Buddy’s announcement raises an issue we should all be thinking about.
Not only was the fact that he was missing out on the first round of finals a surprise, but so too was the fact that he took time away from his job to be treated.
It’s a fairly rare thing in Australian workplaces, despite statistics showing almost half of the population will experience a mental health disorder at some stage in their lives.
According to not-for-profit organisation SANE Australia, one in five Australians will experience a mental illness in any 12-month period. In that time, anxiety disorders will affect 14 per cent of people and depression will affect six per cent.
But being upfront with your employer if you’re suffering from a mental illness is not as easy as it sounds.
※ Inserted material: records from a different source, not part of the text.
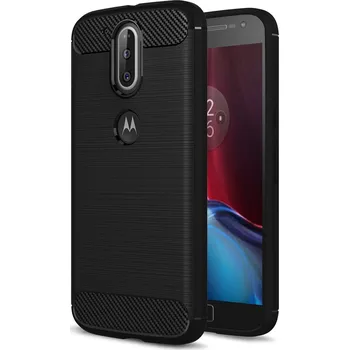 Pouzdro na mobilní telefon Pouzdro TVC Carbon pro Lenovo Moto G4/Lenovo Moto G (4. generace) Barva: Černá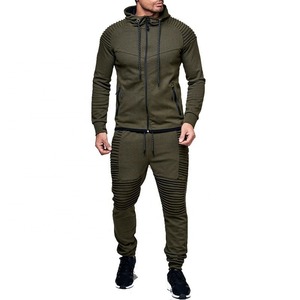 Chándal para hombre hecho a medida, el más vendido, recién llegado, 100% algodón, en venta - Product Image 5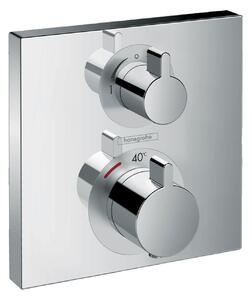 Hansgrohe Ecostat baterie cadă-duș ascuns da crom 15714000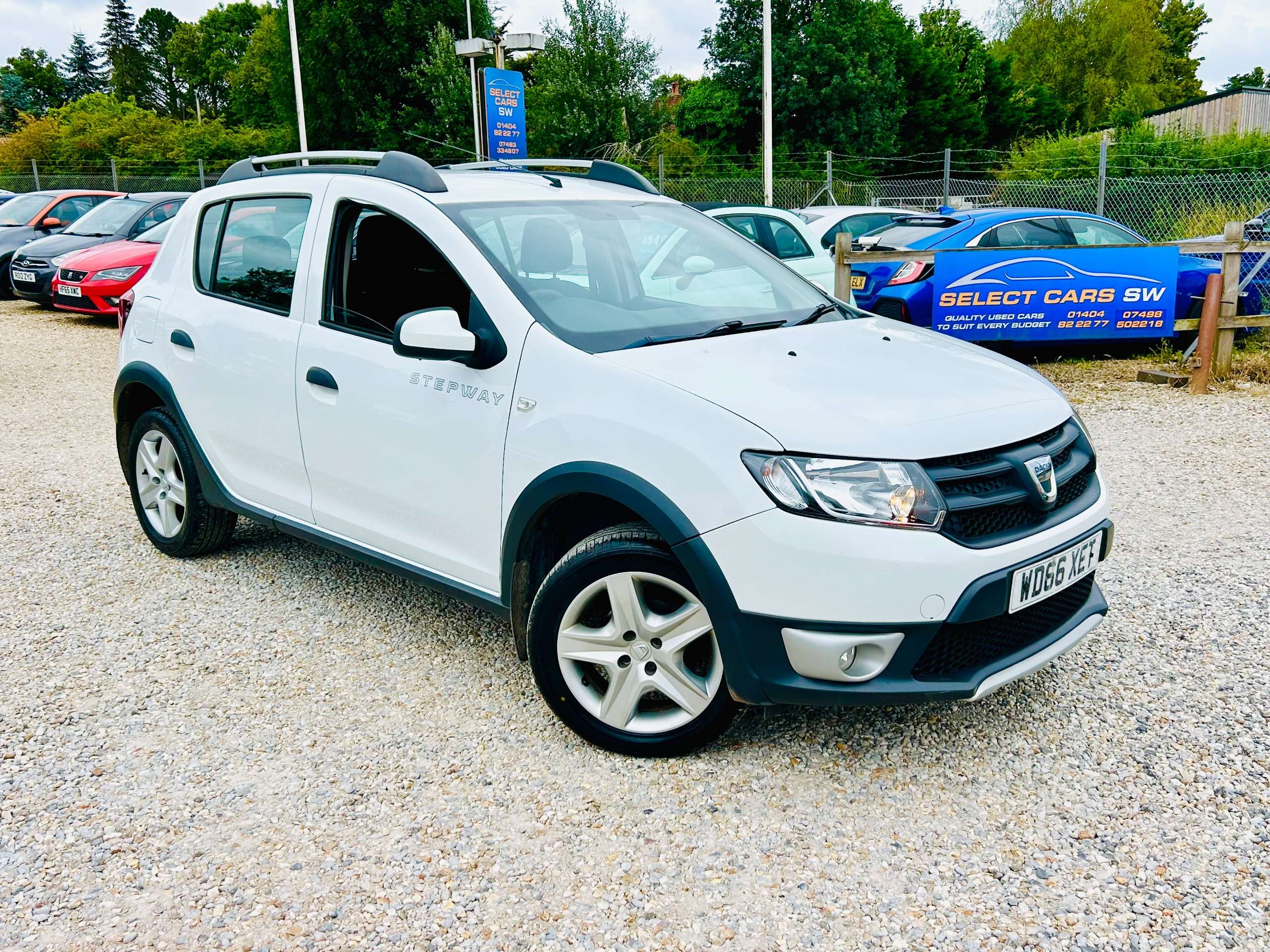 2017 DACIA SANDERO STEPWAY 2017 DACIA SANDERO STEPWAY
Workers who may need support, time off or flexible work options are often worried about being treated differently by their bosses or colleagues or losing work opportunities.
BeyondBlue chief executive Georgie Harman recently said that while openness about mental health issues could help managers create the best environment to support recovery, employees should only speak up when they are confident they will be supported, Fairfax Media reported.
But Australian Human Resources Institute Chairman Peter Wilson told Mamamia that it is best to be open about mental illness if you are seeking support from your employer.
“It’s a very confronting thing to do if you have an illness and you don’t know your employer’s standards on the issue,” Mr Wilson said.